I love the clouds here in the summer. Sometimes they peek over the mountaintops, then continue to grow higher and higher into tall cumulus peaks, snow white, resembling mountains of whipped cream. I think if I had a giant spoon I could take a bite. At other times they look muscular and strong, their bulges and humps look like a boxer flexing his muscles, as if to say, "Watch out, I'm going to drop a giant thunderstorm on your head." It's only bluff. When you look later, that big cloud has dissipated into a shimmering cirrus shelf, gradually fizzling out.

The clouds seem to come from the northwest, veer west and turn toward the southside of the lake. Sometimes the thunder rolls and lightning zig-zags the length of the lake. A big fireworks show. Maybe that's why the original inhabitants were afraid of the thunder and lightning gods, and that they used a lightning bolt in their paintings and pottery.

There are some mornings when we wake and see the mountains totally covered in soft gray clouds and mist which sinks lower and lower so that you feel they are going to cover you with their moisture. Then maybe it does rain in the village, or maybe it rains up in the mountains and we never know it until the water runs down the arroyos and into the streets.
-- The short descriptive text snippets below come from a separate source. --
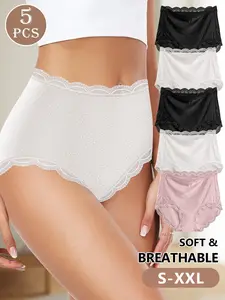 Women's Underwear Set, Lace Trim Rose Design, High Waist Comfortable Fit, Perfect for Everyday Wear & Stylish Look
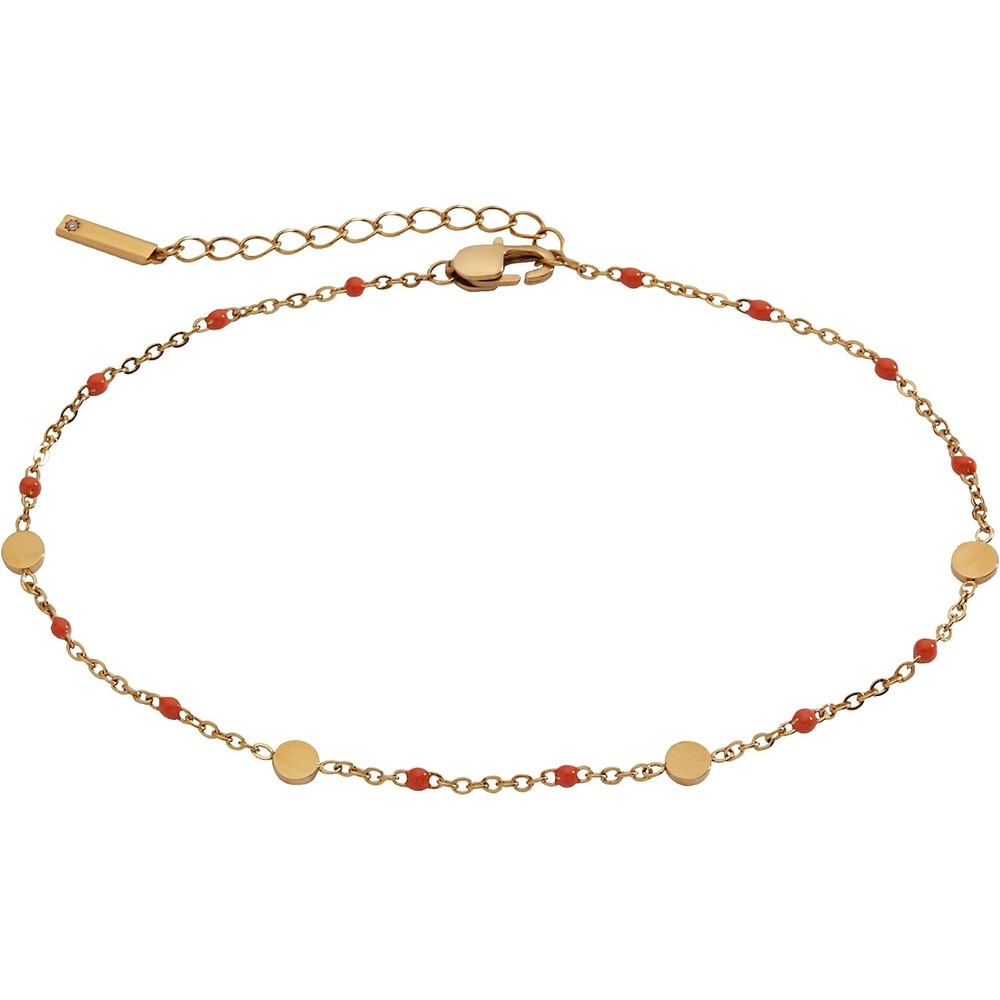 image:imageAlex and Ani Enameled Chain Coin Station AnkletCoral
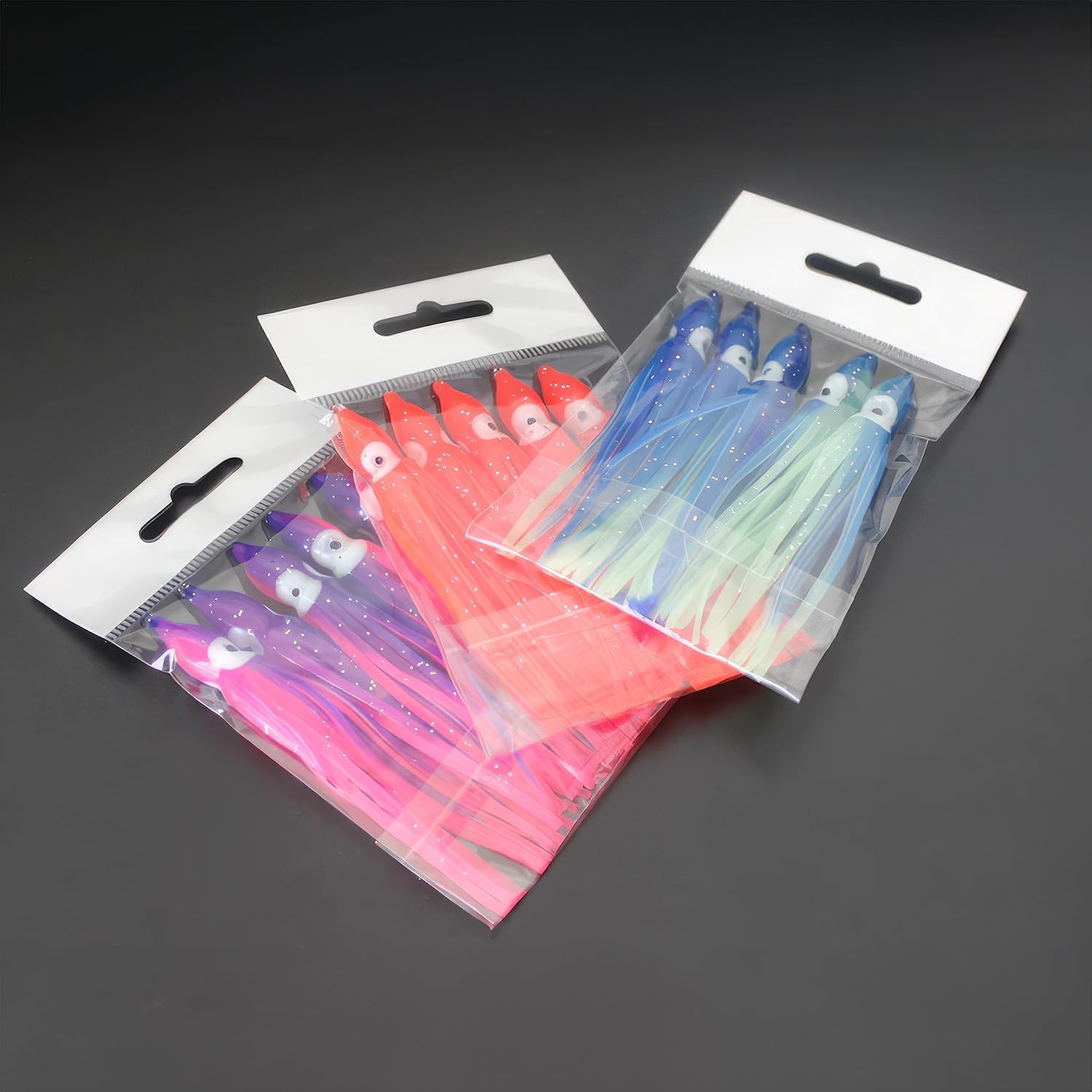 Luminous Octopus Squid Skirts Trolling Lures Soft Plastic Fishing Lures Set Saltwater Bait Lures Multicolored 2'' - 6''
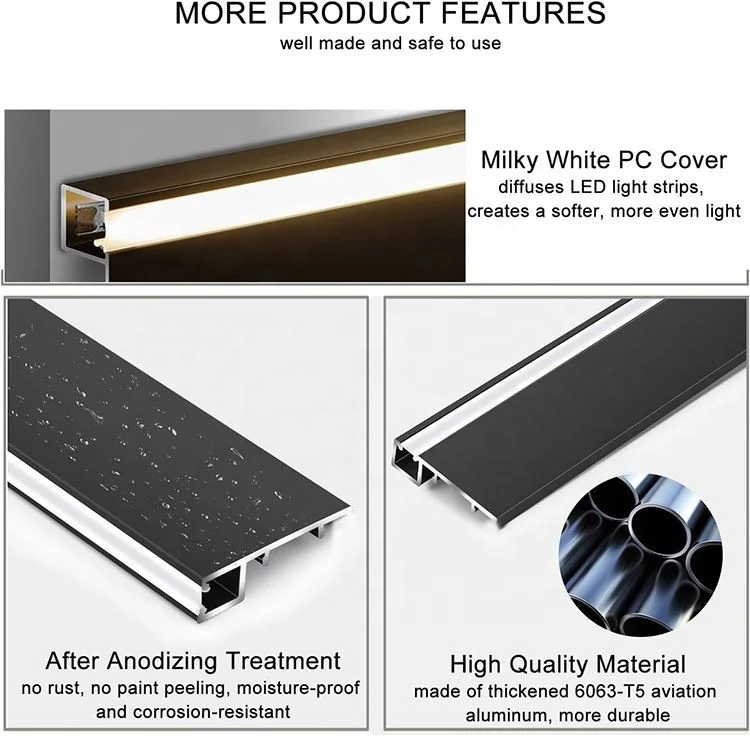 Free Sample Aluminum Metal Profile Decorative Strip Curved Square Shape Tile Trim for Wall and Floor Border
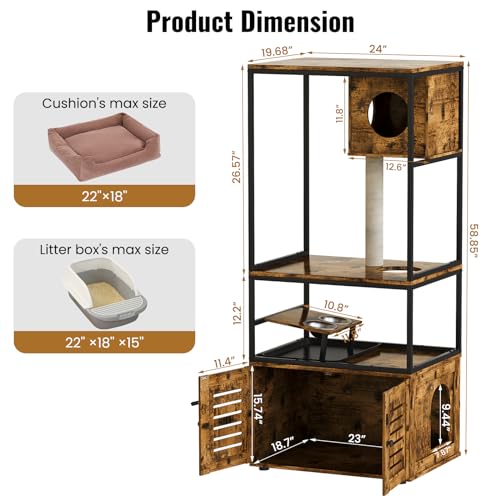 image for Lamerge Cat Tree with Litter Box Enclosure, All-in-1 Large Cat Litter 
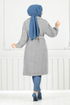 Line Detail Herringbone Coat 211EVO1065-M Pattern 2 Grey - Thumbnail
I never tire of looking up, up, up to see where the clouds are and what kind they are, trying to predict, "Is it going to rain today or tonight?" But the clouds are clever, they never disclose their intent until there is a sudden downpour--or a silent drifting away. The natives go along with their daily business. If it rains, the women grab an umbrella, the macho men let the rain soak their shirts. They know the sun will return and the clouds will form again.